======== DATASET EXCERPT

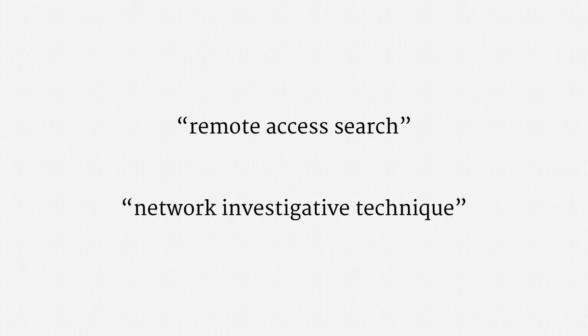Finally, I want to note that euphemisms are fairly common in this area of law. You might read about a remote access search or a network investigative technique. Those mean the same thing. Government hacking.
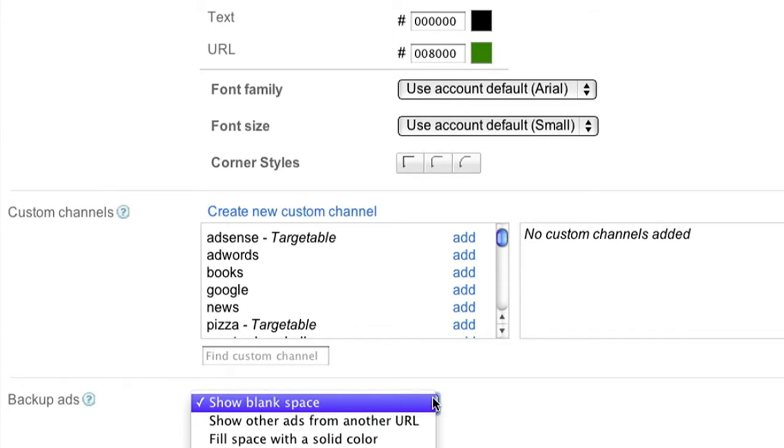Backup ads are what we'll show when Google has no targeted ads available. For this 728x90 leaderboard ad unit, we'll choose to show blank space.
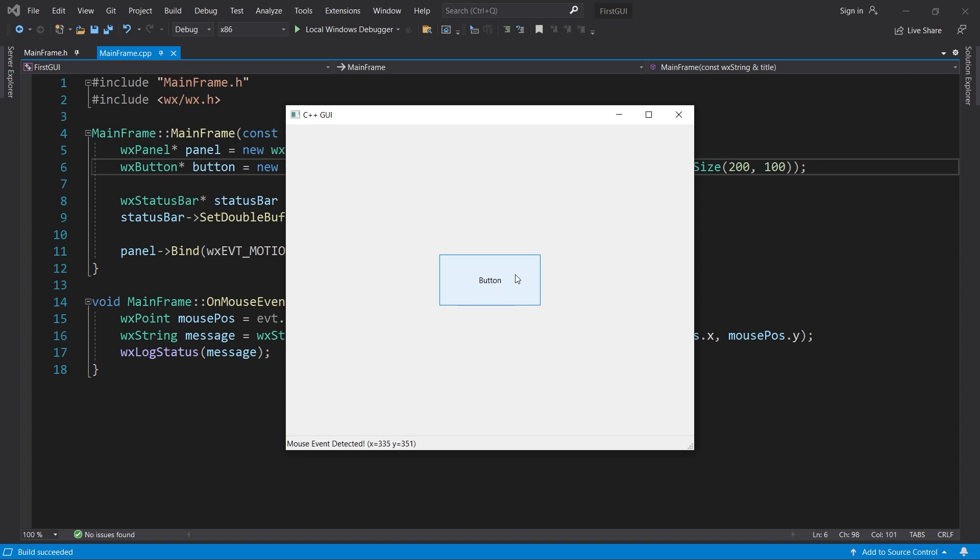What about event propagation? Why doesn't the event propagate to the panel if the button doesn't handle it? That's because the WXMouseEvent is not a command event, so it does not propagate at all.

================

Each line from the one containing "Backup ads are" to the final line of the data must be printed exactly, both included, with nothing else and no pictures.

Backup ads are what we'll show when Google has no targeted ads available. For this 728x90 leaderboard ad unit, we'll choose to show blank space.
What about event propagation? Why doesn't the event propagate to the panel if the button doesn't handle it? That's because the WXMouseEvent is not a command event, so it does not propagate at all.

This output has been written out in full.